**Aim of the task:** Reproduce precisely the lines of the listing below, starting with the line that contains "16854101 - OEM" and stopping after the line that contains "Hyundai Solati"; include nothing else.

**Input:**
___
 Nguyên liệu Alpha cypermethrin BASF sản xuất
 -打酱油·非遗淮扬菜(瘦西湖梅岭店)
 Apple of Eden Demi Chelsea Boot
___
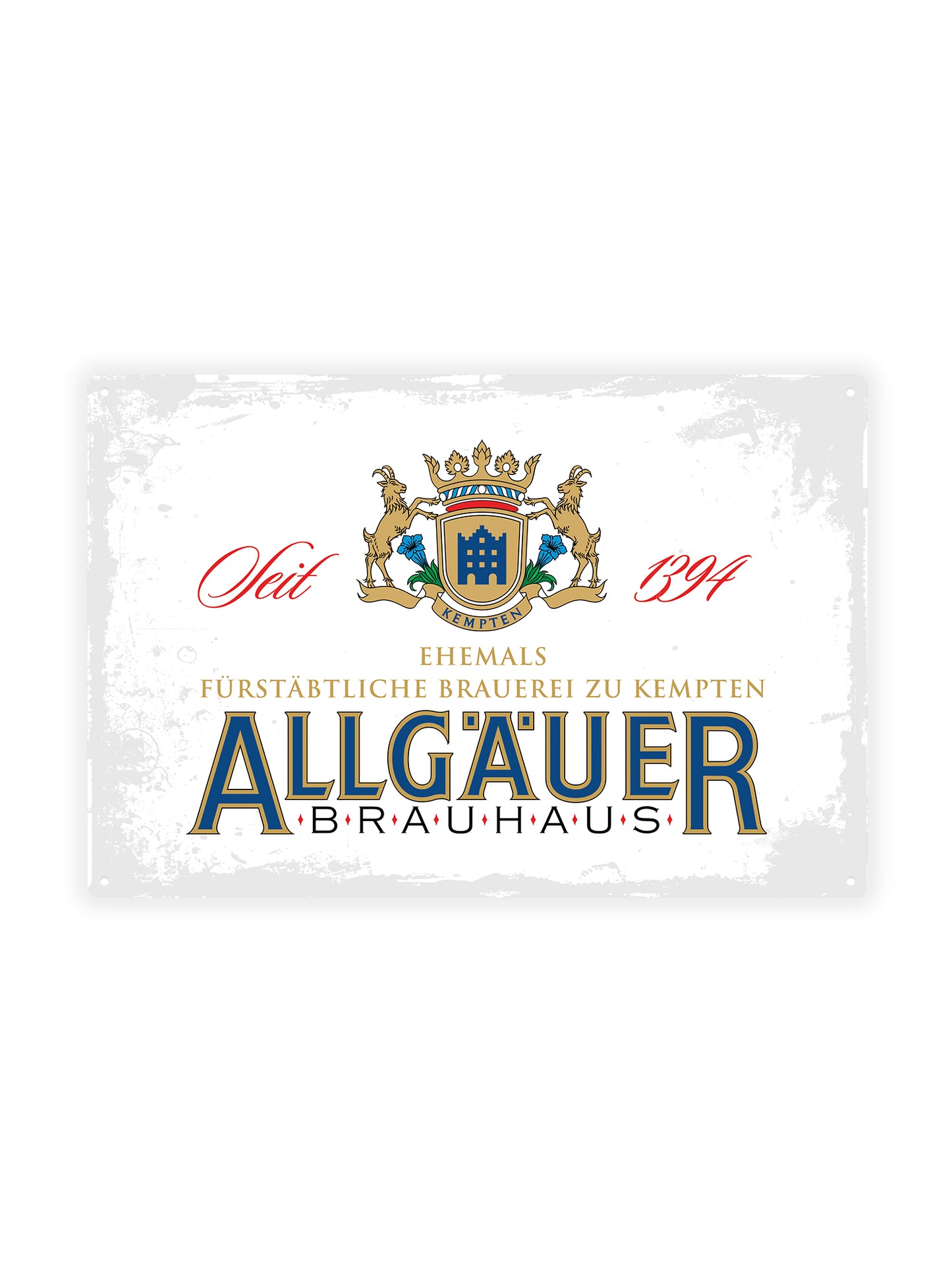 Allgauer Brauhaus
___
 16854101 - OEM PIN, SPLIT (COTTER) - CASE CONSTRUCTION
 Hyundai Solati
___
**Exercise output:**
 16854101 - OEM PIN, SPLIT (COTTER) - CASE CONSTRUCTION
 Hyundai Solati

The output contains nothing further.